Tohru survives the fall and is hospitalized. As she recovers, Akito accepts Tohru's friendship, and comes to accept both the person she is, instead of the god she has believed her father wished her to be, and the woman she was born as, instead of the man she was raised to be. Meanwhile, Yuki, who has realized that what he wants from Tohru is an unconditional "motherly" love, not the love of a woman, convinces Kyo to reconcile with Tohru when she is discharged from the hospital. But Tohru takes off in a dash once she see Kyo because she feels as if she has been rejected, but Kyo chases after her. After catching up with her, Kyo confesses his feelings for her. This acceptance of the cat, the first friend of the god of the zodiac, breaks the zodiac curse and all the Sohmas are freed.
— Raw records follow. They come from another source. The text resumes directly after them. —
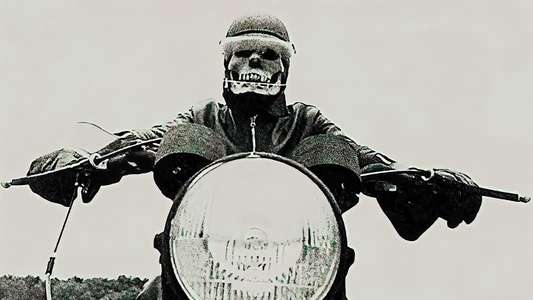 Tales from the Crypt - Backdrop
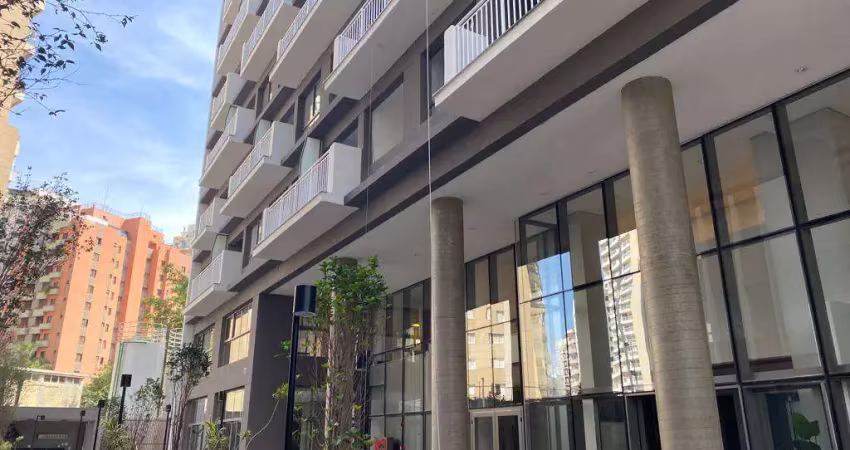 Flat para venda em vila nova conceição - new one itaim 27m²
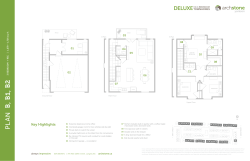 PL AN B, B1, B2 - Archstone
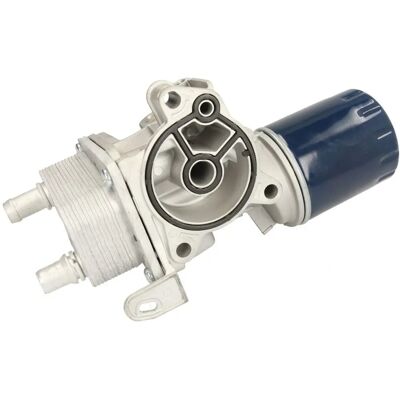 NRF 31859 Vattenkyld oljekylare - OEM för Peugeot, Citroën, Ford NRF 31859 Vattenkyld oljekylare - OEM för Peugeot, Citroën, Ford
In the last chapter, she and Kyo are shown packing to move to another city to continue his martial arts training, so that eventually he can inherit Kazuma's dojo, and in the final pages, it is revealed that they got married and had a son and a granddaughter.

==Reception==
===Popularity===
Tohru won the Best Female Character award at the 24th Anime Grand Prix in 2002; she ranked ninth in the same category at the 42nd edition. From 2020 to 2022, Tohru was nominated at the Anime Trending Awards for Girl of the Year and Couple or Ship of the Year with Kyo Soma, winning the latter category in 2022. At the 4th Crunchyroll Anime Awards in 2020, Tohru was nominated for Best Protagonist while Laura Bailey's performance as Tohru was one of the nominees for Best Voice Artist Performance (English); Tohru and Bailey were nominated at the sixth edition for Best Girl and Best Voice Artist Performance (English), respectively.

===Critical response===
Tohru has been cited by reviewers as key to the appeal of the series, especially the manga version. Her cheerfulness and sympathy for other characters is frequently commented on: "Tohru is the essence of cheerfulness and faces hardships with a positive attitude while being extremely compassionate to everyone around her." However while "Tohru is notorious in the series for being happy and cheerful even in times of great taxation", as a reviewer at Anime News Network put it, her characterization is seen as more complex than that even at the start of the series, and more so as series progresses. Her unusual personality is seen by reviewers as a product of her upbringing:
[Her parents'] approach to family life and parenting is informed by their own failings as members of destroyed families, and the result is exactly the kind of family that would produce someone like Tohru.
— Carl Kimlinger, Anime News Network
 She is also seen as resembling her mother as she grows up.